From the entries below, write out exactly the lines between the line holding "Property photo 2" and the line holding "Hotel Bebej Tradicional 1", inclusive, excluding any pictures.

DATA IN THIS EXERCISE:
====================
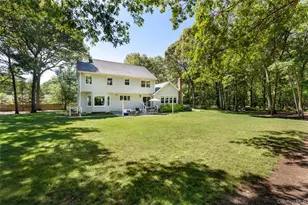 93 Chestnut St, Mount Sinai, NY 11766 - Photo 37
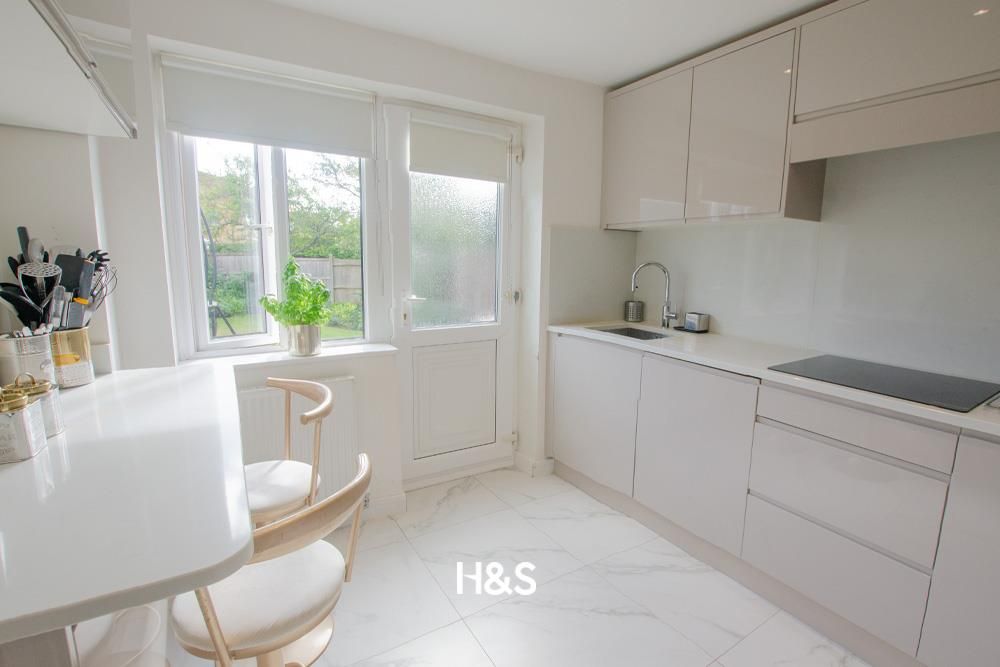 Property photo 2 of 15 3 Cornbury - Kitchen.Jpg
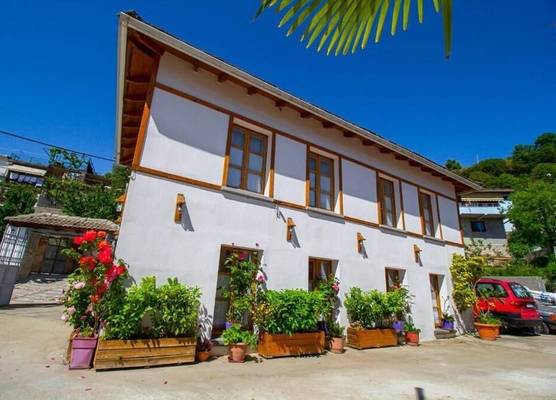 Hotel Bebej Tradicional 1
====================
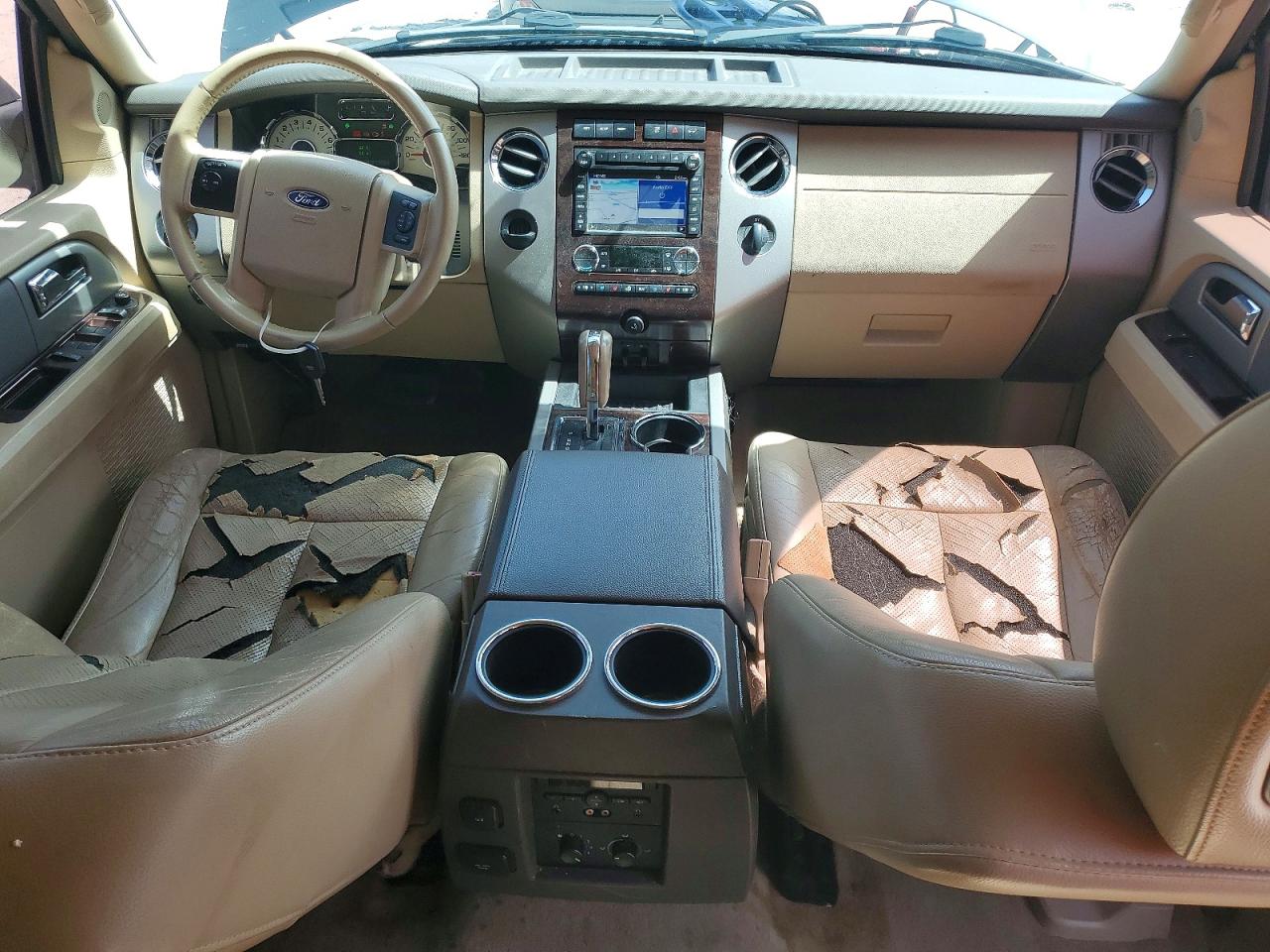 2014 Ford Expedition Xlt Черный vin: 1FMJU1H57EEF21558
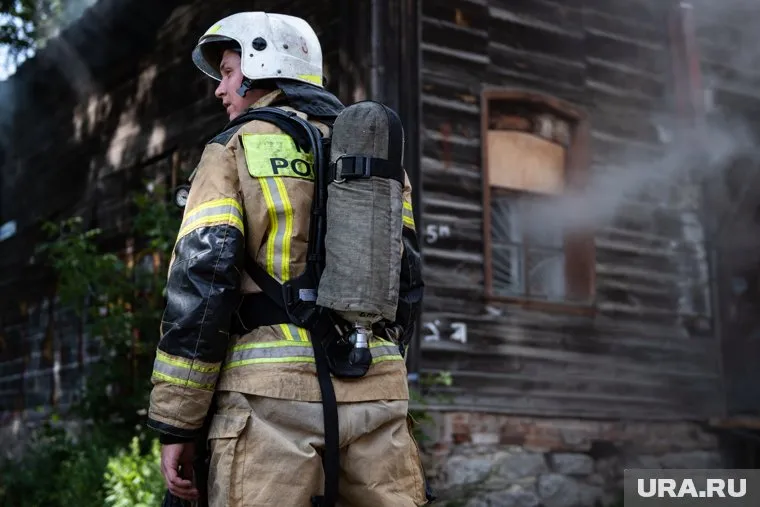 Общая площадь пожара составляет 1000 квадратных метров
====================
REPLY TO THE TASK:
 Property photo 2 of 15 3 Cornbury - Kitchen.Jpg
 Hotel Bebej Tradicional 1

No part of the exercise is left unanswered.